Bats also have a claw on their wings which is a frequent cause of injury. If you are concerned about a bat that you think is dead, or if it appears injured, you should contact the RSPCA or your local wildlife group for advice on how to safely remove it.
Your local council is also able to assist with the removal of dead bats.
"It is very important to not attempt to assist the animal yourself."
In the event someone is bitten or scratched by a bat or exposed to bat saliva through the eyes, nose or mouth they are advised to follow these steps:
- Do not scrub the wound - wash the wound gently but thoroughly for about five minutes with soap and water
- If available, apply an antiseptic with anti-virus action such as iodine-based disinfectant (e.g. Betadine) or alcohol (ethanol)
- If bat saliva has got in the eyes, nose or mouth, flush the area thoroughly with water
- Contact a doctor or the nearest hospital immediately
For more information visit the Queensland Health website or call 13 HEALTH (13 43 25 84).
- ABLV is a virus that can be transmitted from bats through bites and scratches and by bat's saliva having contact with a person's broken skin or the mucous membranes of the eyes, mouth or nose. This most commonly occurs through bites and scratches.

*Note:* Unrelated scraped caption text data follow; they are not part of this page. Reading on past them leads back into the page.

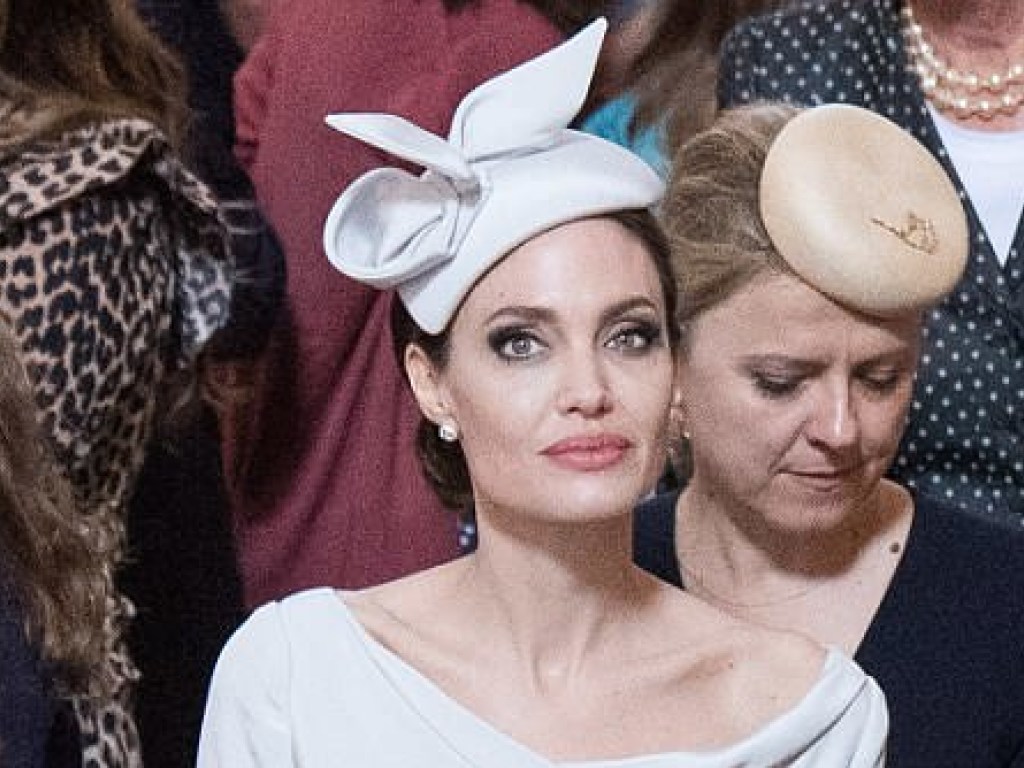 Анжелина Джоли показалась в элегантном платье на церковной службе в Лондоне (ФОТО)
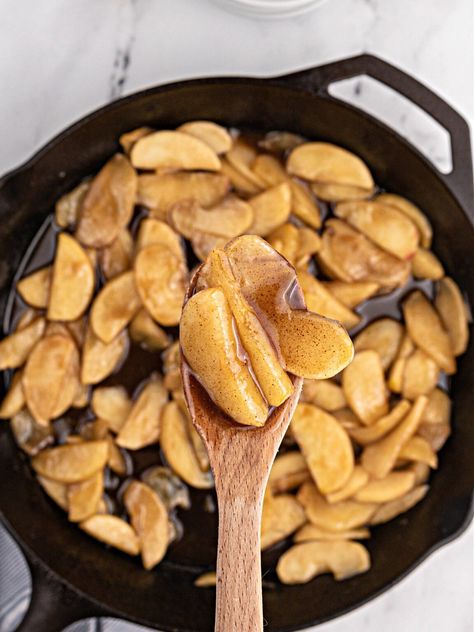 Baked Apples Cast Iron Skillet, Cast Iron Apple Recipes, Cast Iron Skillet Fried Apples, Healthy Cast Iron Skillet Recipes, Fried Apple Slices, Pan Fried Apples, Skillet Fried Apples, Skillet Apples, Fried Apples Recipe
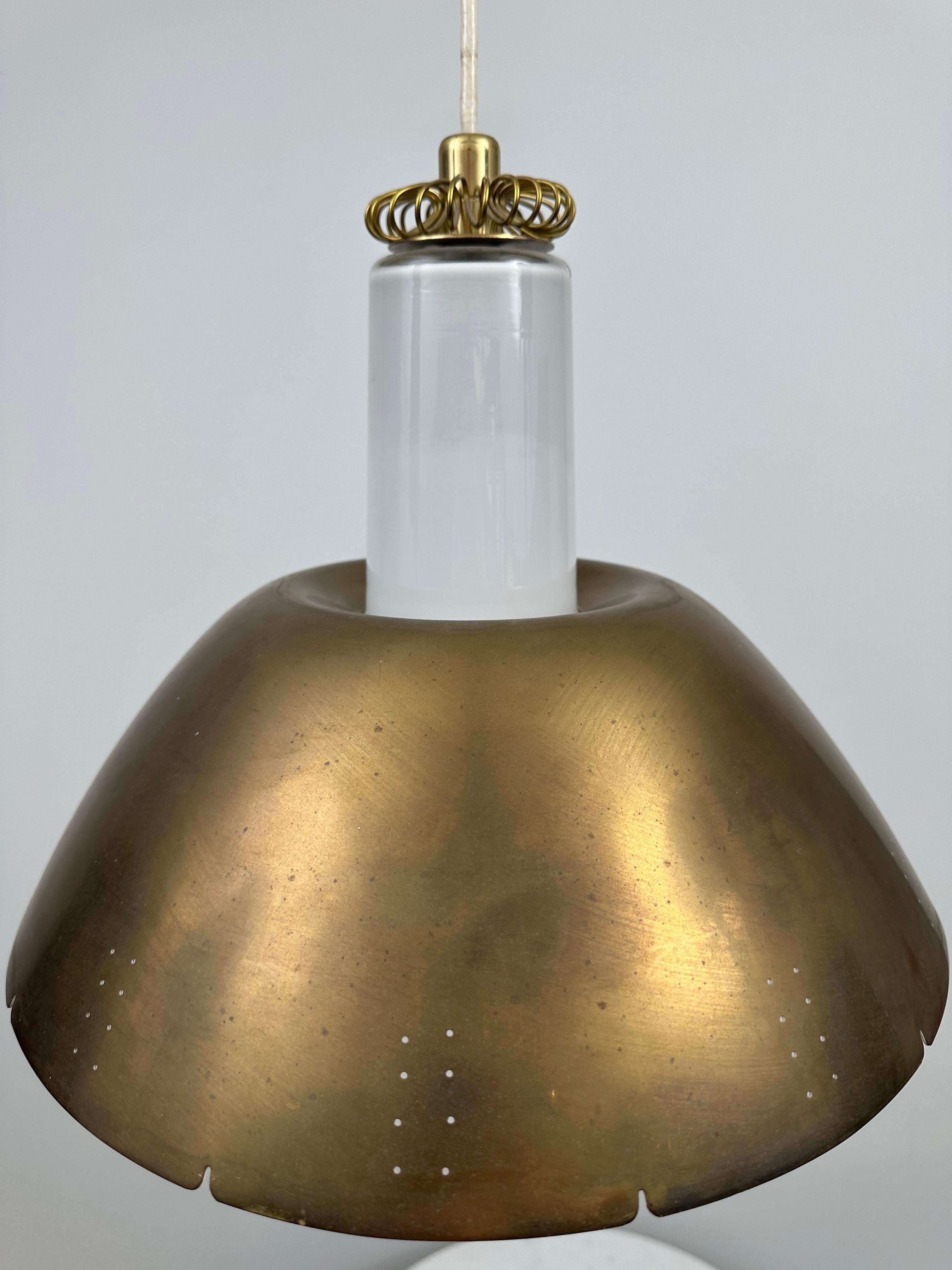 Lampada da soffitto Paavo Tynell modello K2-20 del 1950 in vendita 1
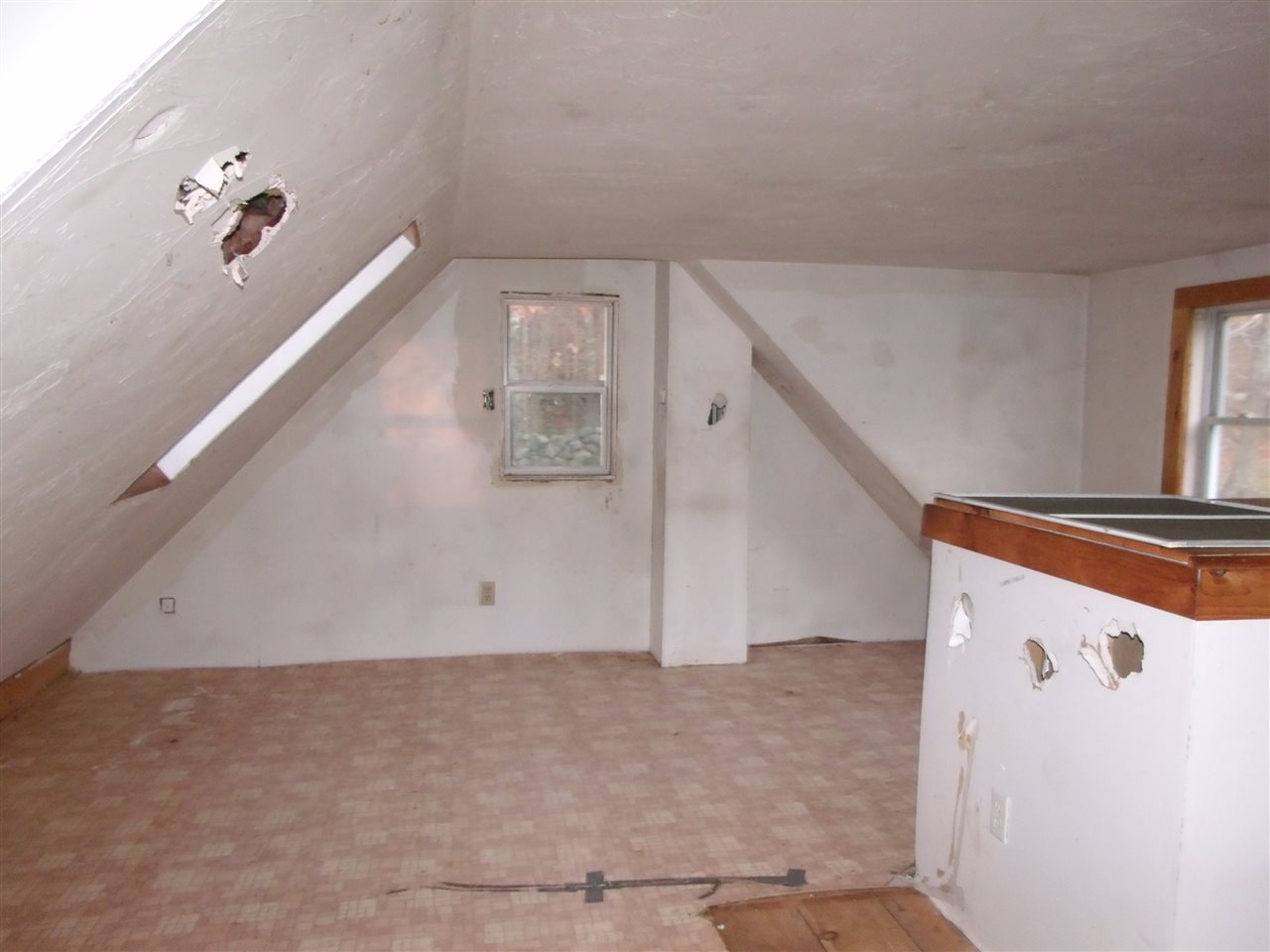 167 Mountain Road Pittsfield, NH 03263 - Photo 12 of 18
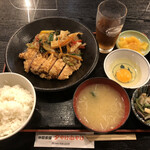 夕やけ小やけ - ♪B定食（鶏竜田揚げ五目あんかけ定食）￥700＋生たまご￥60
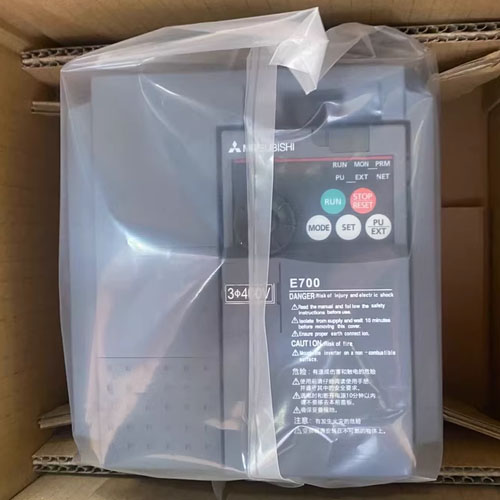 Mitsubishi FR-E740-0.75K-CHT Variable Frequency Drive 3-Phase Inverter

- ABLV infection in humans causes serious illness which results in death. The most recent case was in March 2013 in an eight year old boy from north Queensland.
- While ABLV can be fatal, immediate medical attention and receiving a course of post-exposure rabies immunisations can prevent the onset of clinical signs. There is no specific treatment once clinical signs begin.
- Each year in Queensland there are more than 100 reported cases of potential exposure to ABLV, and since 1996 in three people have died in Australia as a result of ABLV infection after being bitten or scratched by bats.
- In 2013 there were 494 cases of potential exposure to the virus.